Our work improved a retail bank’s cash refilling operation with mathematical ideas – from a surprising source. So, what do cash machines have in common with cows?
We all know the frustration of a cash machine (ATM) refusing to provide us with cash when we desperately need it. The reality for the bank is that guaranteeing reliable ATM cash supply is a massive operational challenge. They have to monitor thousands of machines and forecast busy periods, weekends, holidays, public events and even weather to manage the refill schedule for every machine individually according to its specific demand peaks and troughs.
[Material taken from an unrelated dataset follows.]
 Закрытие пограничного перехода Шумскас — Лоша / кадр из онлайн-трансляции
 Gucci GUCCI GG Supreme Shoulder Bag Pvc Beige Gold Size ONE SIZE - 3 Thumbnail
Of course, the bank could choose to refill every machine constantly so that no cashouts ever occur. However, this would increase the cost — and the risks to the delivery teams — exponentially: costs that could be ultimately passed down to the consumer.
So, when a major UK retail bank decided to improve the service quality and efficiency of their ATM operation, they faced a complex dilemma. The existing solutions were focussed only on reducing the probability of machines running out of cash, and were unable to increase the efficiency of the total operation.
Commissioned to study the problem by the bank, ThinkTank Maths (TTM) discovered that from a mathematical perspective, the problem had unexpected similarities to previous work on animal breeding with the Roslin Institute. This allowed TTM to develop an approach that incorporated both the operational constraints and the uncertainty in the cash machine usage data.
In summary, collaborating with the bank and their cash delivery supplier, TTM showed that the new refill scheduling algorithm led to savings of 21% per annum, meaning several million pounds a year.
Seen through the right mathematical lens, very different problems may turn out to be curiously related … and point the way to an unexpected solution with significant value.